Rakyat terus tak berdaya dalam semua perjalanan sejarah republik. Hidup dalam kebodohan dan kemiskinan, melewati batas waktu dan zaman.
Menumpahkan darah dan mengorbankan jiwa, dari generasi ke generasi harus hidup sengsara dan menderita mulai dari masa kolonialisme dan imperialisme lama hingga ke-77 tahun usia kemerdekaannya. Penindasan dan kesewenang-wenangan, kini marak dan menjadi pemandangan yang lumrah, meski hidup bebas dari alam penjajahan.
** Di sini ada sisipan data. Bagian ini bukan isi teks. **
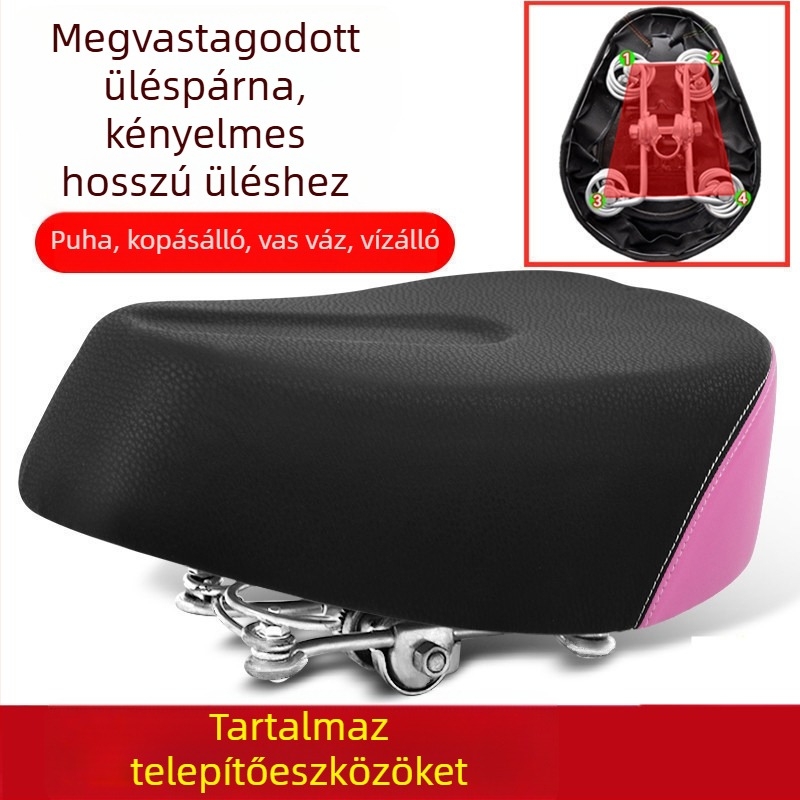 Elektromos kerékpár ülés párna – vízálló, univerzális, megnövelt (Cikkszám: de5naHcb; Modell: Ügyfélszolgálathoz forduljon; Típus: Egyéb; Importált: Nem)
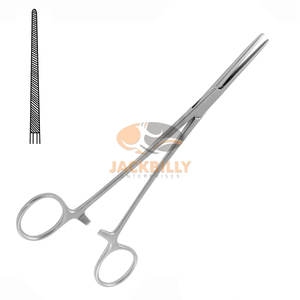 Fórceps para arteria Bengolea, pinzas quirúrgicas rectas Premium, pinzas hemostáticas de alta calidad de 26,0 cm, instrumentos médicos - Product Image 1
“Watak dan tabiat kompeni, rupanya masih hidup dan bertumbuh-kembang dalam wajah-wajah asing dan aseng serta segelintir pribumi.
Sudah semakin sulit dibedakan penjajahahan dari bangsa asing atau oleh bangsa sendiri, karena mereka menyatu dan dalam penampakan serupa tapi tak sama,” papar Yusuf.